Surface Water

A cross section through the Front Range northwest of Denver shows the redistribution and use of western slope water in eastern Colorado through the Colorado-Big Thompson Project. This project has cost about $160,000,000, but it is repaying the investment many times over by providing electric power and increasing farm production.

Moisture carried by prevailing westerly or northwesterly winds falls primarily on Colorado’s western slope, although at some times of year precipitation may come from the northeast or southeast. West of the continental divide, where population is sparse, there is a surplus of water. East of the divide, where more than 90 per cent of the population lives, water is in desperately short supply. The high and largely unpopulated Mountain Province receives by far the greatest proportion of precipitation, while agricultural areas of the Prairie and [Plateau] Provinces receive much less. Needless to say, the major problem involving water in Colorado is how to move it from areas where it is abundant to areas where it is needed.

In many parts of the state, complex water laws and complicated irrigation canals and water systems were developed soon after the area became settled.

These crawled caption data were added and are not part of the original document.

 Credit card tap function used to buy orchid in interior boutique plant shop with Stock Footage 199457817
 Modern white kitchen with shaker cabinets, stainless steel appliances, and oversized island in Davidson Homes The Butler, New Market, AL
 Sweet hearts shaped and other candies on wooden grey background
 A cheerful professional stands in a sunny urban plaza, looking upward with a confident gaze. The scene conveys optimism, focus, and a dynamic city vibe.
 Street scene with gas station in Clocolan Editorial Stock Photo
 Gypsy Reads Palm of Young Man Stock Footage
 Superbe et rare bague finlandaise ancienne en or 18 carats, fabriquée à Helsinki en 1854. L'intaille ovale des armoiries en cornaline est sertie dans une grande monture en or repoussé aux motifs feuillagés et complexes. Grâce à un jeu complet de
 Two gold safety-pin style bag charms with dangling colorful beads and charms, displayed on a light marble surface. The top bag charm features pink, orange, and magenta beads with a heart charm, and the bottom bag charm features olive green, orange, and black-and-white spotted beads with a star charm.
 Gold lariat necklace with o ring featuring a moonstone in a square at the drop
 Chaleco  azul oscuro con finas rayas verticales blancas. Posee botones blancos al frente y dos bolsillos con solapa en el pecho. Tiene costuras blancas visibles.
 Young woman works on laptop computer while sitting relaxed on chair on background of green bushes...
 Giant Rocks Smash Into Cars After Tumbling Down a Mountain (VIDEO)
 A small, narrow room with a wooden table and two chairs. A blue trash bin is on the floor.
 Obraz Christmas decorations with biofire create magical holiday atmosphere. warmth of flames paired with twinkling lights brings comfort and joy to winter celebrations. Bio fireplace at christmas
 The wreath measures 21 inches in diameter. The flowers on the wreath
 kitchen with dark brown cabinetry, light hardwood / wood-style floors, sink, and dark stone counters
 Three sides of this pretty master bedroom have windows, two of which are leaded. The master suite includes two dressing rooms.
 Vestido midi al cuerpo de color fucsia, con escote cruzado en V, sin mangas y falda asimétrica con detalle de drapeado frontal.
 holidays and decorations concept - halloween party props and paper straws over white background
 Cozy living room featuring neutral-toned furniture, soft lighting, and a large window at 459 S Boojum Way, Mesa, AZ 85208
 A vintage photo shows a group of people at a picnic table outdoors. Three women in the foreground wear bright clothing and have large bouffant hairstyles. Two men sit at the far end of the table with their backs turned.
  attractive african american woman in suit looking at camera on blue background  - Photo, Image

Gradually but inevitably, water resources have been transferred from the western slope to the eastern. However, such transfer must be undertaken with due regard for the rights of downstream users, notably California, Arizona, and New Mexico.

One of the largest water movement schemes in the state is the Colorado-Big Thompson Project. Water that otherwise would flow into the Colorado River is piped from Grand Lake through the Alva B. Adams tunnel under the high mountains of Rocky Mountain National Park, and into the Big Thompson drainage near Estes Park. It then travels through a series of reservoirs and tunnels into the South Platte River basin, where it is used for irrigation and household water. The water is pumped up the western gradient of this system by electric power produced as it flows down the eastern slope. Surplus electric power serves the Colorado-Wyoming area.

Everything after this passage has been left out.